Monday, September 25, 2017

Fascinating Bonsai Trees

December 17, 2006 by  
Filed under Lawn & Garden

Chinese Bonsai Tree - photo by James HelminskiIn bonsai, the bonsai tree and the pot should form a single harmonious unit where the shape, texture and color of either one must compliment the other. Simply planting a tree in the pot is not enough, every branch and twig of a bonsai tree is shaped or eliminated until the desired shape is achieved. From then on, a constant system of pruning and trimming is dedicated to the bonsai tree to maintain and improve its appearance.

Not all bonsai trees are of the coniferous or deciduous species, fruit bearing trees are equally an important part of a well-rounded bonsai tree collection. Moreover, the bonsai artist can choose a type of bonsai tree with more interesting properties.

One such exotic variety is the Wisteria bonsai. Wisterias are native to China, Korea, Japan and the central and southern USA. They can reach as high as 10 meters in their natural habitat. Forming them into a bonsai is a difficult challenge, since they don’t conform to any of the usual styles.

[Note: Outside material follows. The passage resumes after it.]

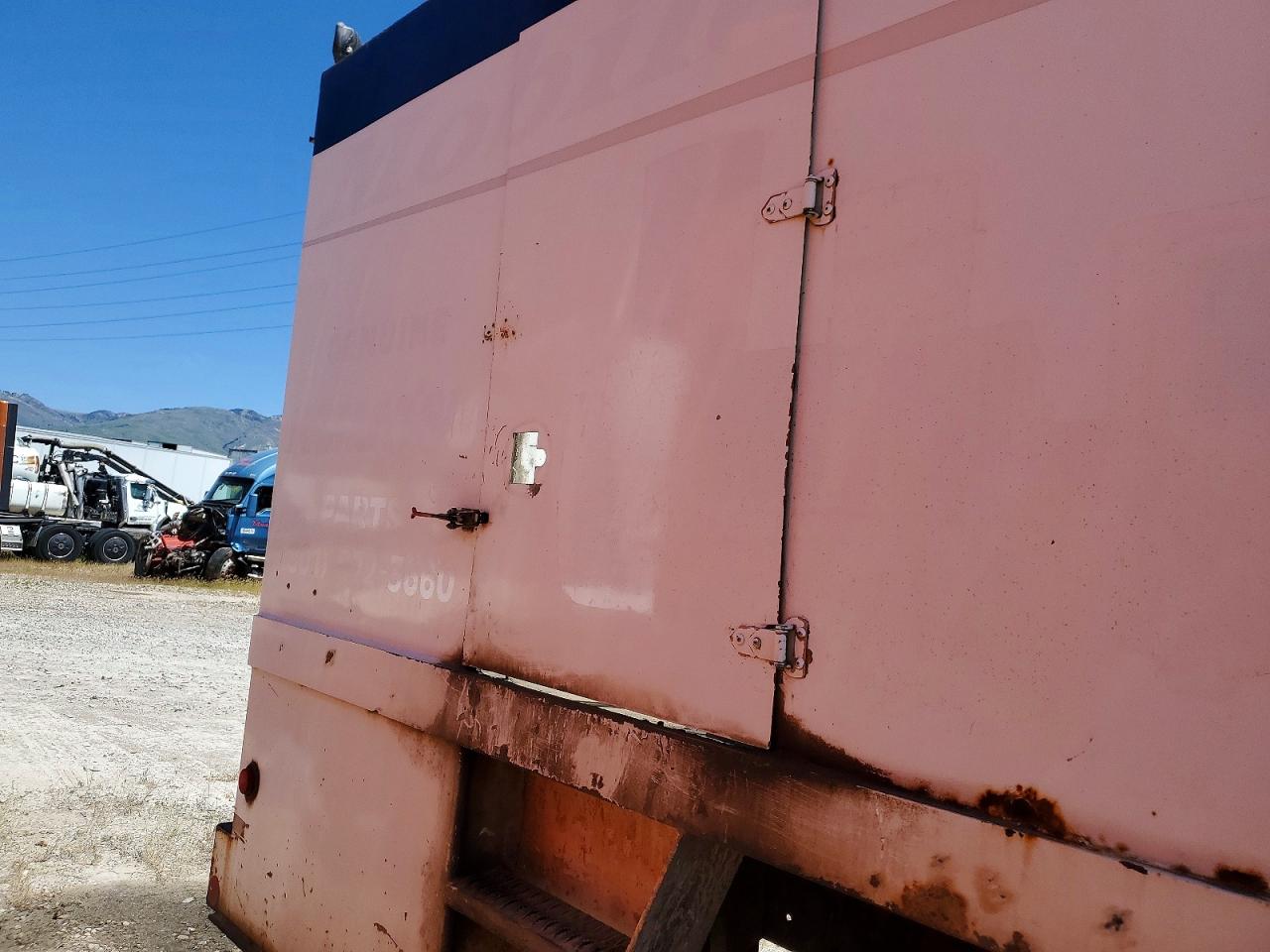 Peterbilt 379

Wisterias do not conform to normal bonsai styling; they are styled and shaped artistically to show off their flowers. Two normally seen Wisteria bonsai trees are the Japanese and Chinese Wisteria. Flower colors are a mixture of blue, purple or white and appear in late spring or summer and carry a distinctive fragrance similar to that of grapes. Caring for the Wisteria bonsai tree is fairly straightforward. They simply need adequate drainage, ample fertilizer and plenty of water in the spring when flowers begin to bloom. Fertilizer is also necessary in the fall before the leaves fall off.

Another one the most sought after bonsai tree is the Orange Jasmine, a summer flowering tree native to western and southern parts of China that can also be grown indoors. It is very eye-catching, has small leaves and possesses sweet-smelling orange-like blossoms and bright, decorative, red fruits. Taking care of the Orange Jasmine is very easy as it only requires light watering throughout the year and fertilizer application every 3 to 4 weeks from early spring to mid-autumn.

The mimosa thrives in the sun but requires protection during winter. It requires very little watering and should only be pruned in winter or early spring; keep in mind to wire its branches when the tree is young as the branches become brittle as the tree gets older.

The mimosa silk tree flowers bloom in late April to early July. During its blooming season, it should receive moderate amounts of water. Take care to avoid over watering the flowers because they wilt and deteriorate when wet.

The Desert Rose is another unconventional choice of the exotic, indoor bonsai tree. It is native to East Africa, with a very globular base, thickset leaves and fascinating 2-inch pink, open-trumpet shaped flowers year-round in full sun.

It needs plenty of light and fresh air but during the winter months, it should be positioned in a bright location, preferably indoors. It needs very little water during winter; however, watering should increase during the growing and blooming periods taking care not to overdo it as the plant will shed its leaves if watered excessively.

Liquid bonsai fertilizer is required on a monthly basis during spring and summer. It is primarily styled using the clip and grow generally after the plant’s rest period (spring). Extreme care should be exercised when pruning because the sap is poisonous and the tree bleeds copiously.